A 63-year-old man has been sentenced to two years after threatening to burn down a Black church in Virginia Beach, Virginia.
John Malcolm Bareswill called New Hope Baptist Church on June 7 and "made racially derogatory remarks, and threatened to set the church on fire,” according to the U.S. Attorney’s Office in the Eastern District of Virginia. The call was placed days after one of the church's leaders took part in a prayer vigil for George Floyd. In court filings, Bareswill claimed that he was afraid the demonstrations would affect his package delivery business in Virginia Beach.

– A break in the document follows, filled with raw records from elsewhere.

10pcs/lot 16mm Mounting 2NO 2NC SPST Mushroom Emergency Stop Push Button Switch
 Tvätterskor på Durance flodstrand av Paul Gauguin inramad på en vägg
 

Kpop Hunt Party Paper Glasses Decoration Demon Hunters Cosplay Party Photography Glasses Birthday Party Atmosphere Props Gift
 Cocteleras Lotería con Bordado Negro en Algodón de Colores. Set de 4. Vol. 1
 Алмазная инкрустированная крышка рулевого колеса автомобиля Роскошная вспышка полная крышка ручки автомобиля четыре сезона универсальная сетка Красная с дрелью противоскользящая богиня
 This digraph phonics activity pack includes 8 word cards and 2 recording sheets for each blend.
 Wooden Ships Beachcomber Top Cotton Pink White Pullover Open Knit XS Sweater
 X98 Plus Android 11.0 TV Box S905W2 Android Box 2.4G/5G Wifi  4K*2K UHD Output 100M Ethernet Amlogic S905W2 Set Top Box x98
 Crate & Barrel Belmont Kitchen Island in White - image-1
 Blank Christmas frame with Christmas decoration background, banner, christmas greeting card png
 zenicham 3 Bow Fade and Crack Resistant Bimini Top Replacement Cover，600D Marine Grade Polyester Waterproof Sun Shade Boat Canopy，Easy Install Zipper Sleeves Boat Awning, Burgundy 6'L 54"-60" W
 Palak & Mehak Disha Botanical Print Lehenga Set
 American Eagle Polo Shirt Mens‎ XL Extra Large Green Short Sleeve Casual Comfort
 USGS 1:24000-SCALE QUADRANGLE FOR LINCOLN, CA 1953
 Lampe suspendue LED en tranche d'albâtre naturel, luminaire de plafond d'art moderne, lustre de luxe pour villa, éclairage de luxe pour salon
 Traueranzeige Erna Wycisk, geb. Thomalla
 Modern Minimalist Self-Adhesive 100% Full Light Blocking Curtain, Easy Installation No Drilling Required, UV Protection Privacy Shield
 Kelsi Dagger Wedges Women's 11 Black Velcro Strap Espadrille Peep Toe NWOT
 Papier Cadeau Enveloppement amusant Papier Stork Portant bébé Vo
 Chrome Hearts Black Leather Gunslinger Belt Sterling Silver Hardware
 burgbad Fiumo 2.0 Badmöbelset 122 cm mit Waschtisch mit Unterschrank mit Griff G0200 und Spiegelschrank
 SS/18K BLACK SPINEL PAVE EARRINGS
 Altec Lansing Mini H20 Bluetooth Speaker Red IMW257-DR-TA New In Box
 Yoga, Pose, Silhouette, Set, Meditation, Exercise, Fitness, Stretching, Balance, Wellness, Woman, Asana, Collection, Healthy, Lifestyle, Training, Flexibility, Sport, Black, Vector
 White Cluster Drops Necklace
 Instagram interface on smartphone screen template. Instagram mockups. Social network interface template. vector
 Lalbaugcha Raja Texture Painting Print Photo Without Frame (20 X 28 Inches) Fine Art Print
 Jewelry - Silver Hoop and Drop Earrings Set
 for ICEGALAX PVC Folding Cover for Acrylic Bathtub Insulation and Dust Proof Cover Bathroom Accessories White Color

However, it is unclear how the two entities are connected.
“Answering the exercise of constitutional freedoms with threats of violence — especially threats that tap into a long and shameful history of racially-motivated violence against houses of worship — requires swift and certain justice," U.S. Attorney Zachary Terwilliger said.
“Bareswill’s threat terrified the adult Sunday school teachers who heard it and affected the entire church community. While this sentence cannot undo that harm, it sends an important message: Our community will not tolerate attempts to silence free speech or interfere with the free exercise of religion."
Bareswill's sentence comes just a week after a man in Louisiana was sentenced to 25 years in prison for burning down three Black churches in the area. Louisiana resident, Holden Matthews, will also have to pay a fine of $2.6 million to the three churches.
"The churches survived for nearly 150 years but did not survive this defendant's warped act of hatred," Assistant Attorney General Eric Dreiband of the Civil Rights Division said.
Matthews will remain imprisoned until 2044. Meanwhile, Bareswill will be released in 2022 if he serves his full sentence.